> **Task description**
Repeat each line of the data exactly as written.

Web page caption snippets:

####################

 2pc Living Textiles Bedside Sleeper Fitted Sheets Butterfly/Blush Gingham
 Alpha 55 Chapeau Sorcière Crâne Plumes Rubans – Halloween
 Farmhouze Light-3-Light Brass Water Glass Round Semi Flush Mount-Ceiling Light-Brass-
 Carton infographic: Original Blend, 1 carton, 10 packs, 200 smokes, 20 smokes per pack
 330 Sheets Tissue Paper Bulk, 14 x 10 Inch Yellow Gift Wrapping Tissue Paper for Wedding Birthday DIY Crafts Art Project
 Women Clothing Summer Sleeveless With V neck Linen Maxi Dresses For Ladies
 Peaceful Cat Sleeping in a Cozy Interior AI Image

####################

> **Exercise solution**
 2pc Living Textiles Bedside Sleeper Fitted Sheets Butterfly/Blush Gingham
 Alpha 55 Chapeau Sorcière Crâne Plumes Rubans – Halloween
 Farmhouze Light-3-Light Brass Water Glass Round Semi Flush Mount-Ceiling Light-Brass-
 Carton infographic: Original Blend, 1 carton, 10 packs, 200 smokes, 20 smokes per pack
 330 Sheets Tissue Paper Bulk, 14 x 10 Inch Yellow Gift Wrapping Tissue Paper for Wedding Birthday DIY Crafts Art Project
 Women Clothing Summer Sleeveless With V neck Linen Maxi Dresses For Ladies
 Peaceful Cat Sleeping in a Cozy Interior AI Image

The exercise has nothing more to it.